A quirk of fate meant Allardyce faced the media for the first time as Toffees boss little more than an hour before the World Cup draw in Moscow.
It was a date that would once have been underlined in the 63-year-old’s diary for a Russia trip, but that fell instead to his successor Gareth Southgate.
The coincidence was not lost on Allardyce, who lost his Three Lions job after just one game in the wake of a newspaper investigation, but he declined to dwell on it.
There was room for one dry observation on his dismissal at national manager, though he was keen to keep his attention on the task at hand.
“I’m delighted I’m the Everton manager. What went on in the past is in the Atlantic Ocean now… water under the bridge,” he said.
“Obviously it will always be there in the back of the mind but it wasn’t my decision.
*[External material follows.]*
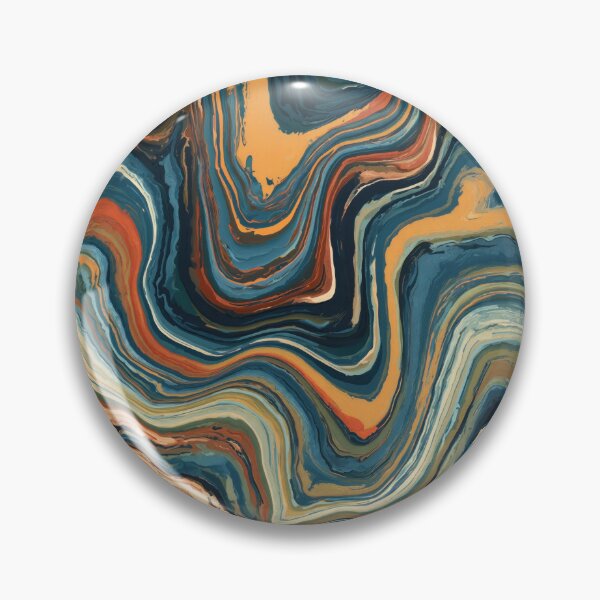 Item preview, Midnight Blue, Ochre & Rust Psychedelic Marble designed and sold by AlfiB.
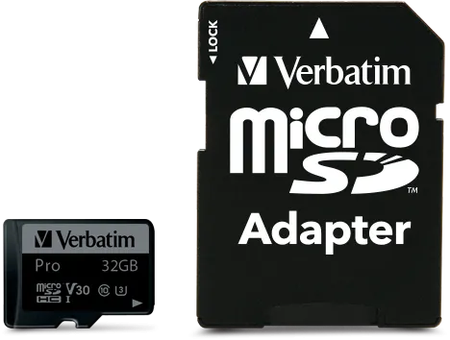 Carte mémoire Micro SD Verbatim Pro U3 - 32Go avec adaptateur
I’m bound to say it’s the wrong one, I think it’s probably been proven it’s the wrong one, but life goes on. I’m just delighted to be here.”
Allardyce shed some light on the decision to take charge of his seventh Premier League club, despite having seemingly pulled himself out of the reckoning.
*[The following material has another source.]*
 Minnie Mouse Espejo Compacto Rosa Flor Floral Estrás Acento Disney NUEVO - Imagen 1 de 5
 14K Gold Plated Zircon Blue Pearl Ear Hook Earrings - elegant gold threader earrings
When Everton failed to answer his overtures with a speedy offer, he indicated he had cooled on the idea. But the man who indicated in May that he was retiring soon changed his mind.
“From my point of view I expected it to be a little bit quicker and it wasn’t,” he said.
“Everton was always going to be a temptation to come back out of retirement, to take up the challenge.
“I got offered more jobs when I said I’d retired than I’ve ever been offered in my life. Finally Everton came along and in the end it was done within 48 hours.”
Duncan Ferguson will retain his place on the club’s coaching staff, with his England assistants Sammy Lee and Craig Shakespeare also set to join the payroll.
Everton begin the Allardyce era with a home game against Huddersfield on Saturday.
Another notable link to Allardyce’s blink-and-you-missed-it tenure with the national side is Wayne Rooney.
Allardyce retained him as captain for his only game with England, deploying him in the central midfield role which proved a palpable failure at Euro 2016.
But he took considerable satisfaction from Rooney’s midweek hat-trick against West Ham, scored from a similarly withdrawn role and in front of the watching Allardyce.
“There’s no problem with him playing deep anymore, he’s put that one to bed,” Allardyce said.
“You don’t need to be a rocket scientist or a manager to know where he’s going to be playing.
“It was an outstanding performance and Wayne has set his standard again. It was almost like the old Wayne Rooney, at Manchester United… he controlled the game.”
Allardyce also addressed those supporters who may be underwhelmed by his arrival in the hot seat, arguing his reputation as a purveyor of rudimentary football was unfair.
“Whatever perception fans have about me, there’s nothing I can do about it,” he said. “It’s been over many, many years and it’s not true of course.
“Each club I’ve managed has had a different philosophy of how you should play. Luckily for me, wherever I’ve been I’ve managed to leave the club in a far better position than I’d taken over.”